It is evident, that in forming most of our general ideas, if not all of them, we abstract from every particular degree of quantity and quality, and that an object ceases not to be of any particular species on account of every small alteration in its extension, duration and other properties. It may therefore be thought, that here is a plain dilemma, that decides concerning the nature of those abstract ideas, which have afforded so much speculation to philosophers. The abstract idea of a man represents men of all sizes and all qualities; which it is concluded it cannot do, but either by representing at once all possible sizes and all possible qualities, or by, representing no particular one at all. Now it having been esteemed absurd to defend the former proposition, as implying an infinite capacity in the mind, it has been commonly inferred in favour of the latter: and our abstract ideas have been supposed to represent no particular degree either of quantity or quality. But that this inference is erroneous, I shall endeavour to make appear, first, by proving, that it is utterly impossible to conceive any quantity or quality, without forming a precise notion of its degrees: And secondly by showing, that though the capacity of the mind be not infinite, yet we can at once form a notion of all possible degrees of quantity and quality, in such a manner at least, as, however imperfect, may serve all the purposes of reflection and conversation.

To begin with the first proposition, THAT THE MIND CANNOT FORM ANY NOTION OF QUANTITY OR QUALITY WITHOUT FORMING A PRECISE NOTION OF DEGREES OF EACH; we may prove this by the three following arguments.
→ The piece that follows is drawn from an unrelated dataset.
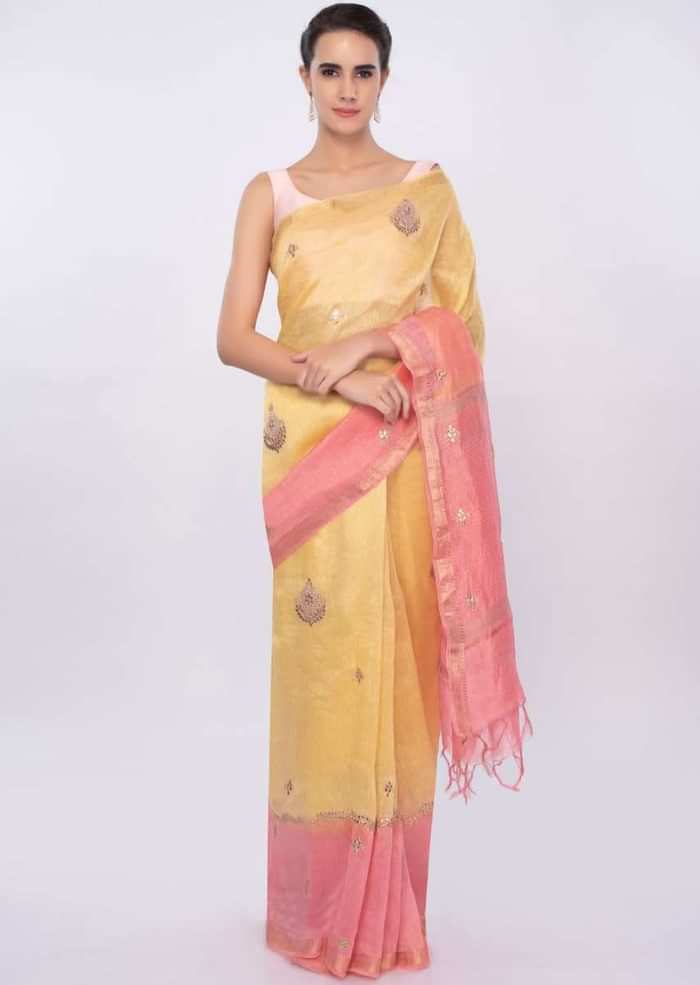 Pink and yellow shaded embroidered linen saree only on Kalki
First, We have observed, that whatever objects are different are distinguishable, and that whatever objects are distinguishable are separable by the thought and imagination. And we may here add, that these propositions are equally true in the inverse, and that whatever objects are separable are also distinguishable, and that whatever objects are distinguishable, are also different. For how is it possible we can separate what is not distinguishable, or distinguish what is not different? In order therefore to know, whether abstraction implies a separation, we need only consider it in this view, and examine, whether all the circumstances, which we abstract from in our general ideas, be such as are distinguishable and different from those, which we retain as essential parts of them. But it is evident at first sight, that the precise length of a line is not different nor distinguishable from the line itself nor the precise degree of any quality from the quality. These ideas, therefore, admit no more of separation than they do of distinction and difference. They are consequently conjoined with each other in the conception; and the general idea of a line, notwithstanding all our abstractions and refinements, has in its appearance in the mind a precise degree of quantity and quality; however it may be made to represent others, which have different degrees of both.
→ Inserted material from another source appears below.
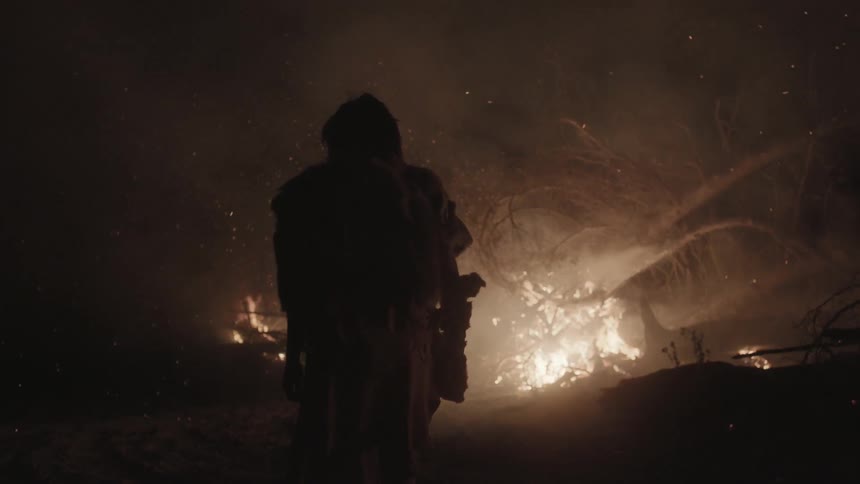 A man watching a pile of branches burning at night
Secondly, it is contest, that no object can appear to the senses; or in other words, that no impression can become present to the mind, without being determined in its degrees both of quantity and quality. The confusion, in which impressions are sometimes involved, proceeds only from their faintness and unsteadiness, not from any capacity in the mind to receive any impression, which in its real existence has no particular degree nor proportion. That is a contradiction in terms; and even implies the flattest of all contradictions, viz. that it is possible for the same thing both to be and not to be.
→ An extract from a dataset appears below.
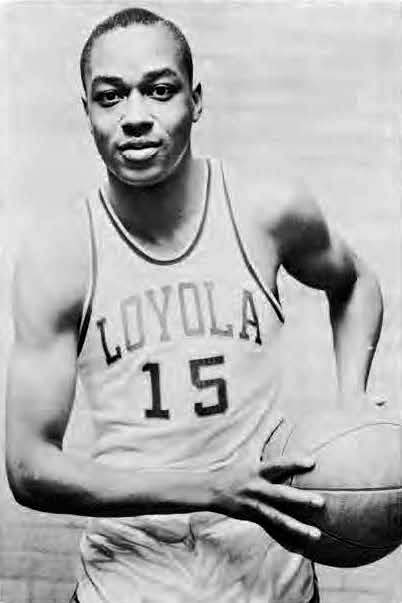 A man poses in his basketball uniform.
Now since all ideas are derived from impressions, and are nothing but copies and representations of them, whatever is true of the one must be acknowledged concerning the other. Impressions and ideas differ only in their strength and vivacity. The foregoing conclusion is not founded on any particular degree of vivacity. It cannot therefore be affected by any variation in that particular. An idea is a weaker impression; and as a strong impression must necessarily have a determinate quantity and quality, the case must be the same with its copy or representative.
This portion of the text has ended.